Silver Creek CC (Private)
1947, Donald Ross
Fat Guy Review, Championship Course (2008): Back in the heydey of the American steel industry in the 1950's & '60's, Bethlehem Steel Corp owned and operated 5 or 6 seperate country clubs in the Bethlehem area. You've heard of one of them: Saucon Valley, host of two U.S. Senior Opens and the 2009 U.S. Women's Open. Saucon was designed by Herbert Strong, with later minor revisions by Perry Maxwell (Southern Hills), William Gordon (DuPont CC & Seaview Pines), and more recently, Tom Fazio.
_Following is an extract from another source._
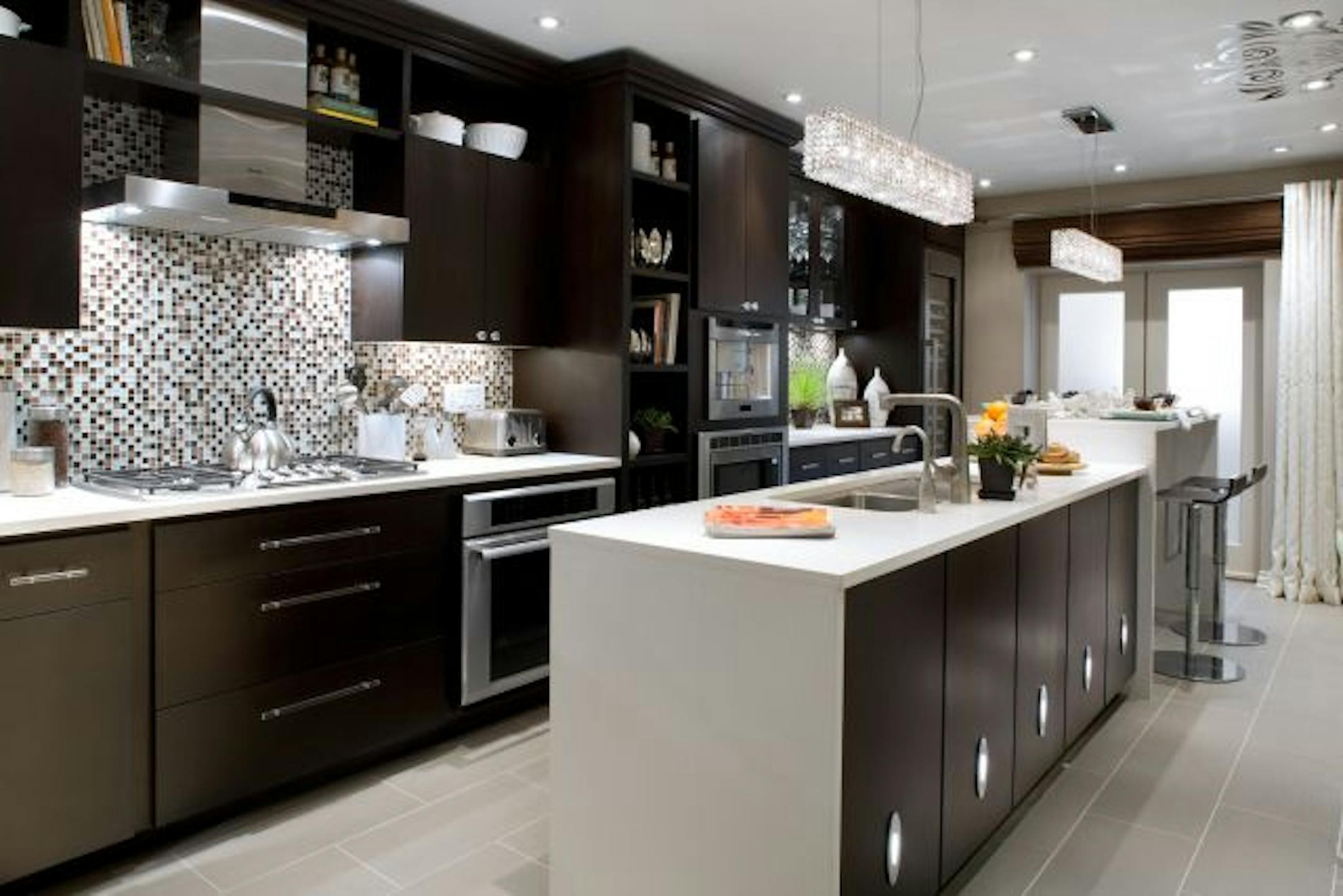 By blending modern tiles, cabinets and floors with a variety of traditional finishes, Ken and Annette got a kitchen that is elegant, contemporary -- and kid-free!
While Saucon Valley was the private haven of the Bethlehem Steel big wigs back in the day, nearby Silver Creek was the stomping grounds of the plant supervisors. It's only a couple miles from Saucon, and boasts similar hilly terrain. The original 18 was laid out by Donald Ross in 1947, shortly before his death. Although Ross' original "Hill Nine" is highly regarded by golf critics today, it wasn't long before the membership declared it too difficult; it's cut out of the forest, with 200 feet in elevation changes (upwards of 125' on individual holes), an abundance of uphill/downhill/sidehill lies, and small, undulating greens. A third nine was added in 1960 by William and Dave Gordon, and combined with Ross' original valley holes to form the "Championship Course", making for a less masochistic round. Members and guests can still play the original Ross routing if on slow days if you ask the starter politely.
The Championship Course is a classic Northeastern parkland country club design, with mostly-generous fairways (some with mature overhanging trees carving off the edges of tee ball lanes for those of us curvier hitters), and plenty of uphill and natural dogleg holes playing to elevated "bike saddle" greens fronted by bunkers, usually on both sides. You'd better be dead-on with your irons when playing here, because missing your target line or distance by as little as 7 yards on your approach can mean the difference between a legit birdie putt or facing a short-sided bunker shot. No hidden hazards, but a few blind shots due to the elevation changes. Conditions were very good when I played it in early October, featuring carpet-like fairways with nary a broken tee to be seen on the tee boxes, and long nasty rough (my member host claimed the rough was longer than usual due to recent rains preventing timely mowing). All day I seemed to be a club or two short, due to the soft turf, cooler October temps, uphill approach shots, and fall breezes, so club accordingly in less-than-ideal conditions. Rating: 8.25
Best Bar Nearby: Housed in the sprawling old school stone-and-white-siding clubhouse is a nice bar and grill with two medium-sized plasmas hanging over the bar. They make a half-decent buffalo wing and a nice T&T. For a semi-nearby Gentlemen's club, hit Coyote's Show Bar just off the 476 Northeast Extension Quakertown (?) exit. Also, nearby Copperhead Grille looked like a nice spot for a drink and an upscale meal.
Golf.com Review: Private, 27 holes, $$$$$ This club has two outstanding courses. The Championship Course has wide open fairways lined with intermittent trees that rarely cause problems for the better players. The large greens are undulating, and out-of-bounds stakes line many holes. There is a creek that winds through the course which comes into play on at least six different occasions. The Hill Nine Course is very wooded and hilly. The tree-lined fairways are narrow, and the large greens are undulating. The hilly terrain causes many changes in elevation in the fairways.